After taking a break from coaching, Uncle Toni returned to the Tour and is now working with the world No. 11 Felix Auger-Aliassime. “This sport has become a game of speed, not of strategy. In a short time, everything has accelerated a lot from the first years of Rafa's career.
Now the way to seek victory is to hit hard before the opponent. I feel that now everything is well studied, but in the end everything is about playing well. Have a high percentage of first serves, play with good speed. I think that at this moment young people are less willing to think because they focus on hitting hard and they have coaches around them who are in charge of the strategy,” Nadal said during his appearance on the Tres Iguales podcast.
Uncle Toni comments on Rafael Nadal
Toni Nadal, Rafael Nadal's uncle and ex-coach, recently spoke at length about his nephew, the Big 3, the Next Gen and tennis in general on a Spanish podcast. And in one section of the interview, Toni tried to explain why Novak Djokovic isn't as popular among the fans as his two big rivals.
"It hurt him to finally arrive on the circuit when there was already a very strong rivalry between Roger and Rafa," Toni said. "Federer and Nadal, they were two opposing styles, two different trajectories, and that made the fans very excited.

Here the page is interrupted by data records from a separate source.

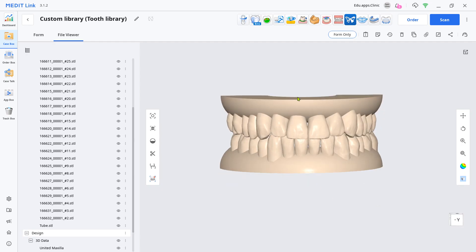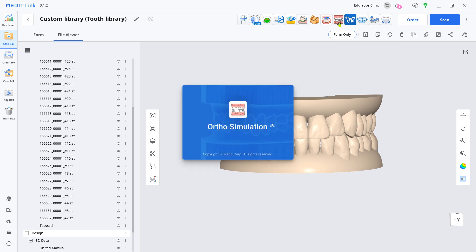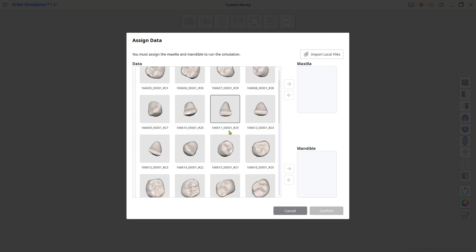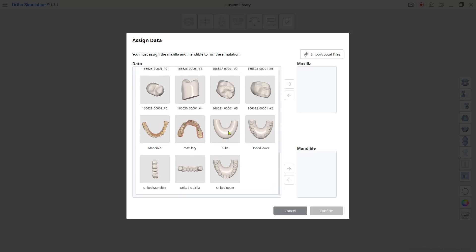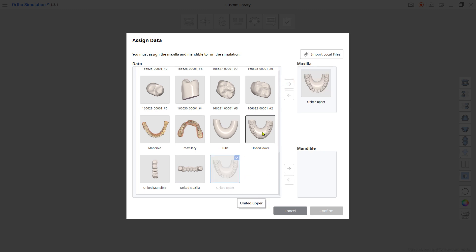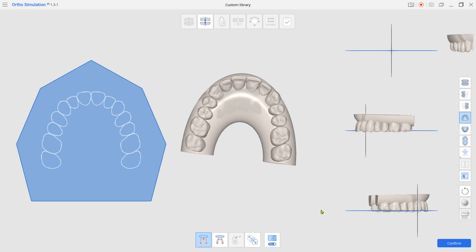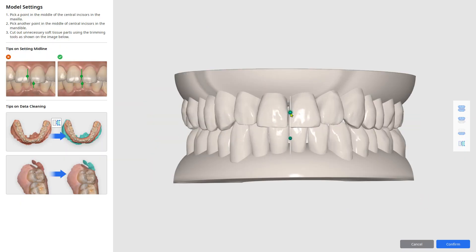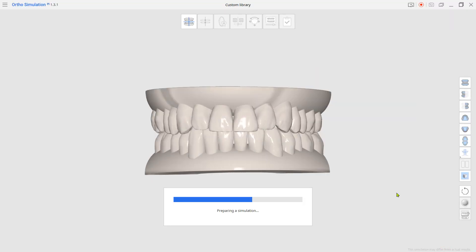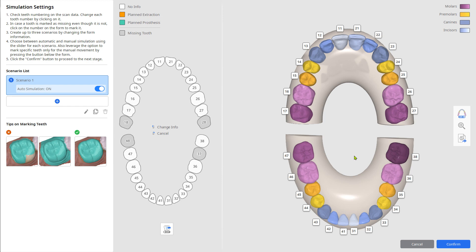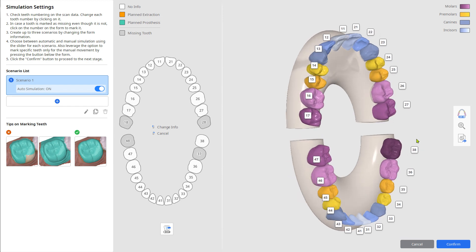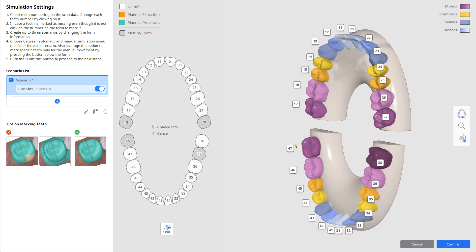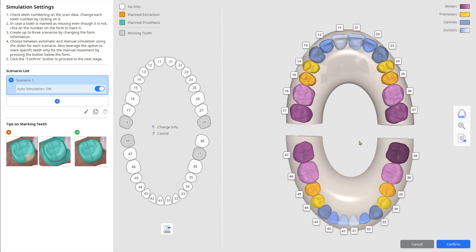Load the files into the ortho simulation app. Set up the teeth along the process. In simulation settings mode, correct the tooth number if needed. Deactivate auto simulation from the left.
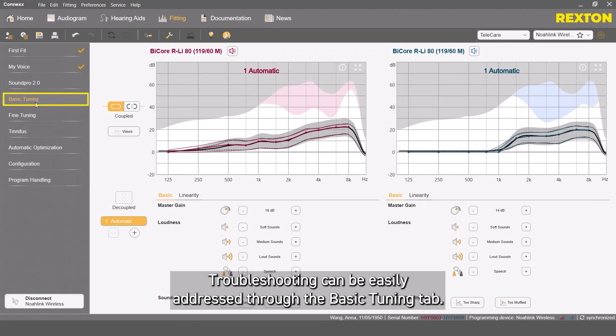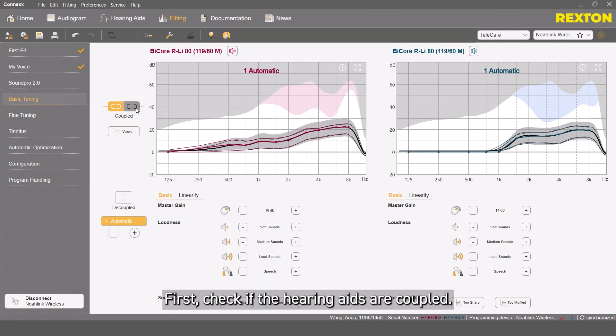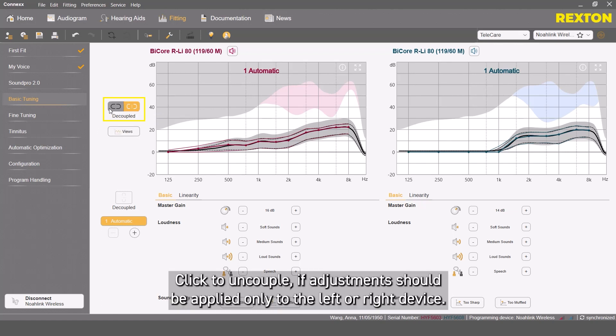Troubleshooting can be easily addressed through the basic tuning tab. First, check if the hearing aids are coupled. Click uncouple if adjustments should be applied only to the left or right device.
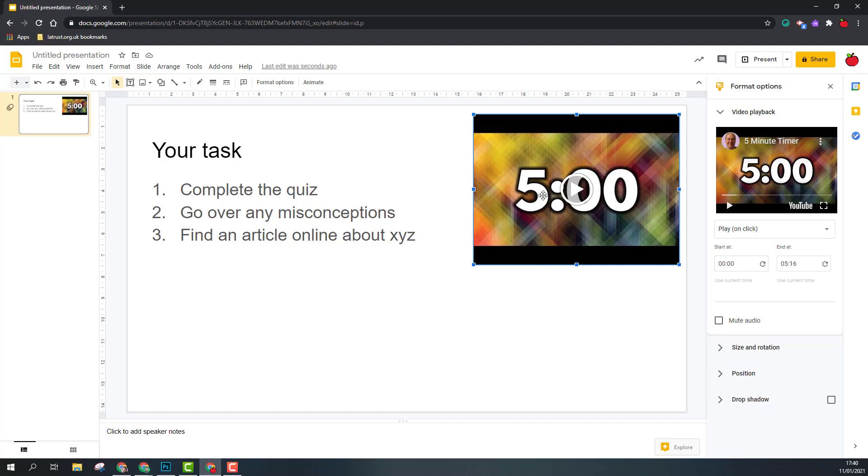Often with these timers there is some music in the background of this, so what I might want to do is mute the audio.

It was therefore difficult to find a place at that time." Toni further recalled a moment from the final of the 2010 US Open, when his nephew came up to him for some advice in the middle of the match. "I remember in the US Open 2010 Rafa came up to me in the middle of the game and asked me what to do," Toni said.
"I instructed him to play hard and deep to the center, and only change directions when he had a very advantageous position. But inside, I was thinking that we were only left to pray because this guy was being better than Rafa." Asked about the level and prospects of the Next Gen, Toni Nadal remarked that at their best level, they can match the Big 3.
"When they play at their best level they are at the level of the Big 3, the problem is that when they play badly their level drops more," Toni said. "Whoever manages to stabilize that will be able to become the dominator."